[f. TRAIL v.1 + -ING1.]
1. The action of TRAIL v.1 in various senses. a. Dragging along, hanging down as a robe so as to drag, etc.: see the vb.
13[?]. Min. Poems fr. Vernon MS., xlviii. 194. Wher is þat gomen and þat song, Þat trayling & þat comelich ȝong, Þo haukes and þe houndes?
1377. Langl., P. Pl., B. XII. 242. Þe pekok may nouȝte fleighe heighe; Fro þe traillyng of his taille ouertaken is he sone.
1671. Grew, Anat. Plants, iii. App. § 9. In that [shade] all Strawberries delight; and by the trailing of the Plant is well obtaind.
1865. Tylor, Early Hist.

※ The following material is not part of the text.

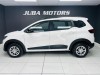 2024 RENAULT TRIBER 1.0 DYNAMIQUE / ZEN Well looked after 7-seater with low mileage.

Man., iii. 37. The trailing is now done by horses only.
1886. Willis & Clark, Cambridge, I. 579. The trailing of their chains [i.e., of the portcullises in heraldic devices] is as varied in design as that of the stalks and leaves of the roses.
1887. Ruskin, Præterita, II. 265. The trailings and climbings of deep purple convolvulus.
b. The following of a trail, hunting by the trail.
1742. Fielding, Jos. Andrews, III. vi. The best hound that ever pursued a hare; good at trailing.
1902. St. James Gaz., 31 May, 20/1. One can understand the absorbing interest of trailing . Every animal leaves a trail. The expert even reads the story of a snakes trail.
c. Billiards. (See quot.)
1873. Bennett & Cavendish, Billiards, 7. Trailing, that is following the ball with the mace to such a convenient distance from the other ball as to make it an easy hazard. Ibid., 8. In some games trailing was not allowed except by agreement.
2. concr. A trailing branch or shoot of a plant, a runner; a trailing part or appendage.
1727. Bradleys Fam. Dict., s.v. Garden, Strawberries begin to shoot forth in January . You may cut off their Trailings in March.
1884. Amer. Meteorol. Jrnl., I. 8. A heavy, low flying storm cloud with ragged trailings.